* _EXERCISE_: Only the stretch below from the line holding "Phone Holder Mount" through the line holding "map of Yaolin" should be restated, word for word and with both ends included; pictures stay out.

* _RECORDS PROVIDED_:
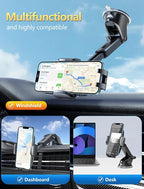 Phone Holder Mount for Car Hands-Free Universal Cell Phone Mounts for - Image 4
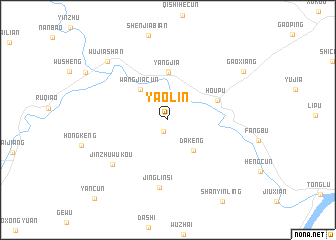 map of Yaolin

...

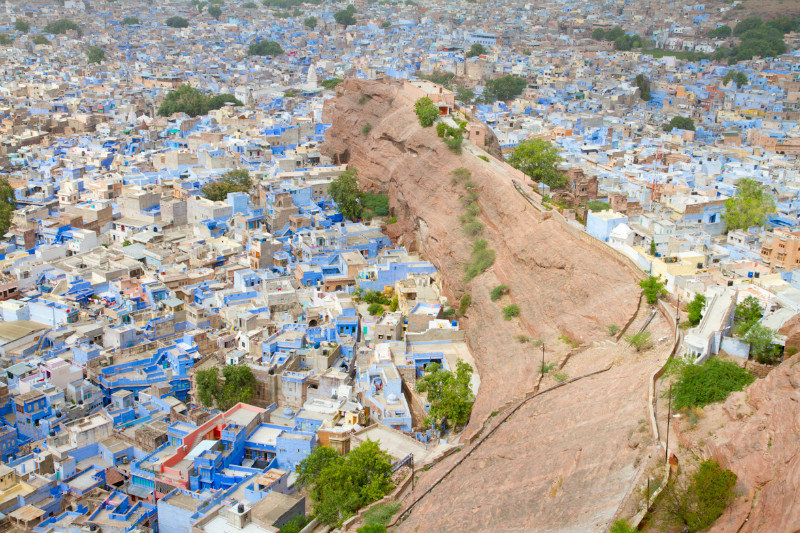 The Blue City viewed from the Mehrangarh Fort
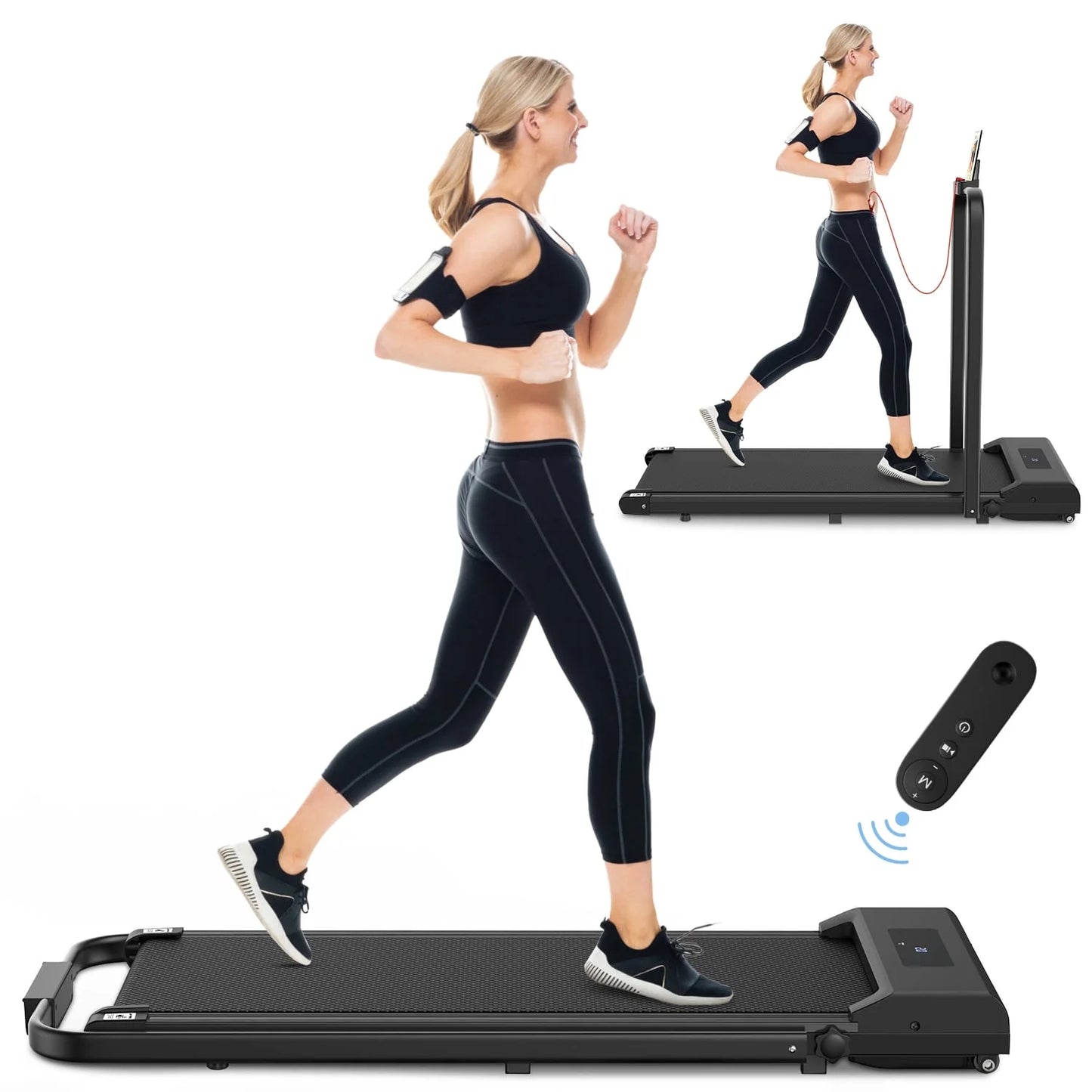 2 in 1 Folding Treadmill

* _RESULT_:
 Phone Holder Mount for Car Hands-Free Universal Cell Phone Mounts for - Image 4
 map of Yaolin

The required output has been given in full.